As I think of our prospects for the future—Trump, Clinton, Cruz, Sanders, Rubio—my first thought is NOOOOOOOOOOOOOOOO!!!!!!!

But then I remember this:

"The human race has one really effective weapon, and that is laughter." —Mark Twain

I’ve often struggled with knowing the appropriate places and times for humor. It’s sort of my go-to escape route for sad and depressing situations (like the 2016 presidential race). More than once in my life I’ve received admonishments like:

This is neither the time nor the place…
No one likes a smart aleck.
What are you, some kind of wisenheimer?

I’m not trying to say I’m funny, but sometimes I try. I want people to be happy.

I was however, recognized by my fourth grade teacher for my gift of humor, as well as my "gay outlook". She told my parents so in her letter at the end of the school year. (At the time though, I don’t remember her always appreciating my gifts.)

Speaking of politics, and sometimes having to laugh to keep from crying, Here’s a good one from comic Samantha Bee:

“Wednesday night, the Democrats met for a town hall where Bernie Sanders, dressed in what appears to be the Democratic Party’s big tent, played up his image of blustery old grandpa living off Social Security checks and stolen sugar packets.”

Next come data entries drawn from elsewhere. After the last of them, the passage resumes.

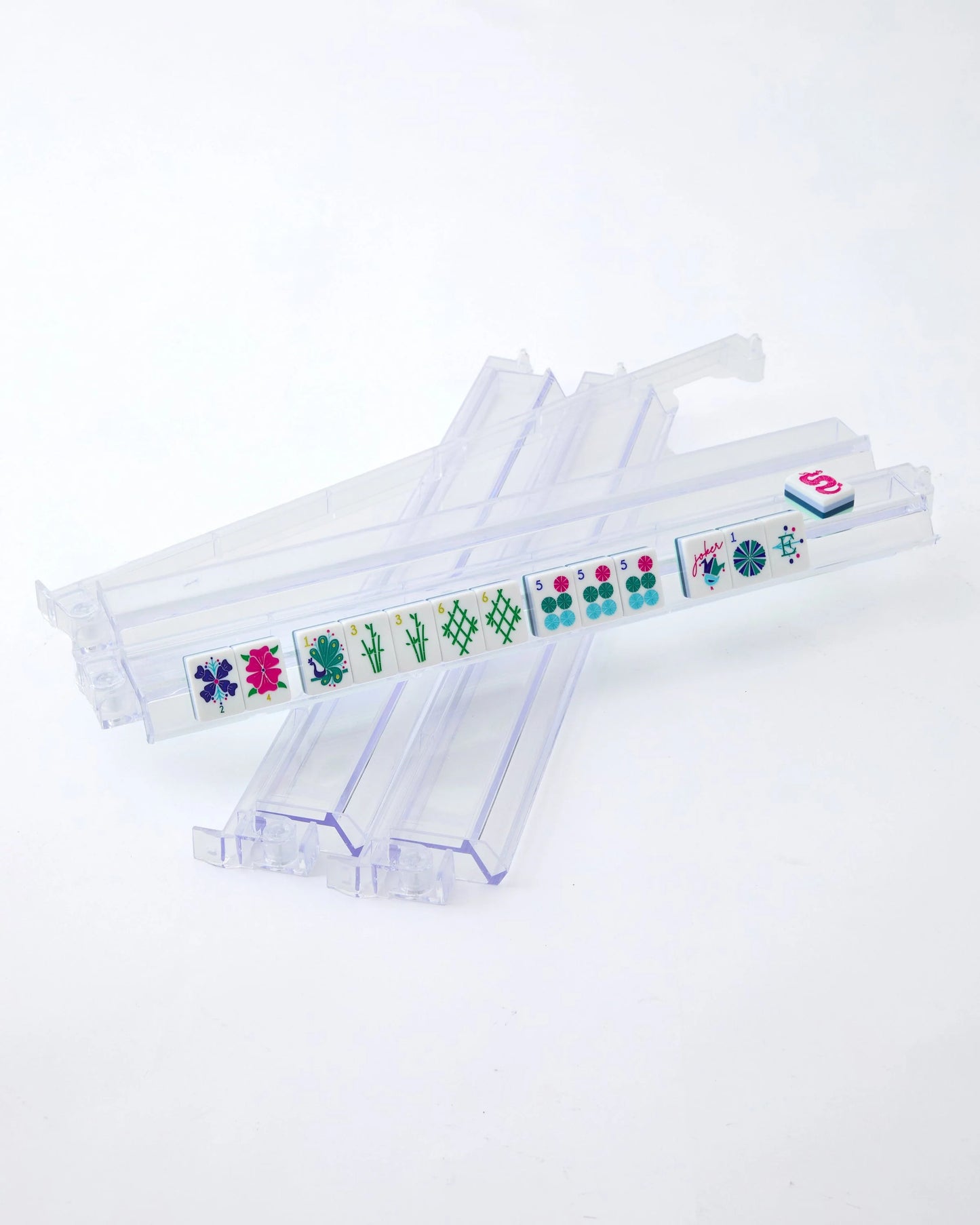 COMPLETE MAHJONG SET RENTAL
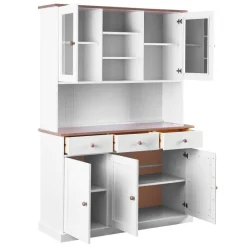 Kiefer Buffetschrank Linacia*Pharao24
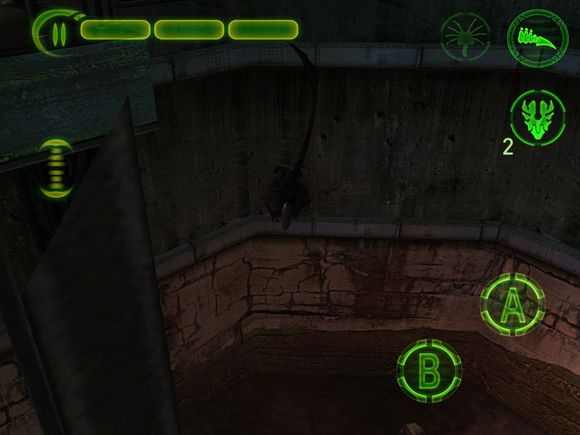 异形大战铁血战士进化截图23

I refer to humor as a gift (one that I hope I have in some small measure), but I can’t find it in the Bible as a “gift”, like speaking in tongues or healing… But wait, I have been healed by humor many times; and to the humorless, bitter, mean people of the world you might as well be speaking in some unknown tongue when it comes to funny-speak.

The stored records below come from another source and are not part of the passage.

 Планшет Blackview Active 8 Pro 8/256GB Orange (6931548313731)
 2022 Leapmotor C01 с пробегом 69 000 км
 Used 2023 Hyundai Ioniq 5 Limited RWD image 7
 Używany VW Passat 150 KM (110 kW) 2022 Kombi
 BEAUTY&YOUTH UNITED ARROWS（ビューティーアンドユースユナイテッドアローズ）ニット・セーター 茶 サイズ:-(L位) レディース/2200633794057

So, where does God stand on humor? I won’t even presume. A wonderful old comic that I had the privilege of knowing was a guy named Grady Nutt. (How can you not be funny if you last name is “Nutt”. Right?) Grady observed that God must have a sense of humor. Why else would he have created us with our nose, which is prone to run, right above our mouth. And thankfully God placed it with the holes down, otherwise going for a walk in the rain could cause drowning.

“Theorists have been trying to explain humor as far back as Plato. The ancient Greek philosopher said humor got its power from the pleasure people get when they feel superior over others, laughing at their foibles and flaws. Freud saw it as a cathartic release from society’s repressions, thus explaining all our sex and fart jokes. And Hegel saw it as reconciling two normally incongruous spheres of meaning—i.e., showing a football player in a cheerleading outfit or putting a cat in human clothes.” —TheAtlantic.com

… or trying to actually picture Ted Cruz or The Donald in the Oval Office.

Please, David Letterman, come out of retirement. We need to laugh until it hurts so bad it hurts.

"USA Today has come out with a new survey - apparently, three out of every four people make up 75% of the population." --David Letterman

"I’m just trying to make a smudge on the collective unconscious." --David Letterman

STICKS & STONES & WORDS

IF YOU'RE GOING TO WRITE A BLOG you want to believe you have something to say, and you want to hope someone out there besides your mother will read it. Sometimes, depending on the topic you’re writing about, you want to create a sense that you might know what you’re talking about. I’m going to try that.

  • I majored in journalism at The University of Tulsa.
  • I’ve been to Paris.
  • I love satire.
  • I was once beaten up for a satirical comment.

It was fifth grade, recess on the playground at Jenks Elementary School. There was this kid that was purported to have been in fifth grade for a few years now. I quipped that, "I bet if he ever finished fifth grade he would probably be so excited that he might cut himself shaving." Word quickly spread. He was mad, out for revenge, and it would all go down at recess. Sure enough here he came. He walked up to the jungle gym I had climbed to the top of, hoping for a battle advantage. He took a long drag from his Marlboro, flipped it to the asphalt, and ground it out with his boot. A crowd gathered, like happens when there’s likely to be blood shed on the playground. Fortunately, the crowd drew the attention of the teachers “on duty”. The crowd dispersed, disappointed. After school, as I walked to the school bus, here he came around the corner. He pulled my blue, canvas-like notebook from my arms. He said, “You hurt my feelings kid. Now I’m going to hurt yours.” Then he whacked me across the head with my own notebook. I lay in the gravel stunned for a minute, then he reached down and helped me up, dusted me off and offered me a Marlboro. [At least in my fifth grade/now 64 year-old mind that’s the way I remember it.]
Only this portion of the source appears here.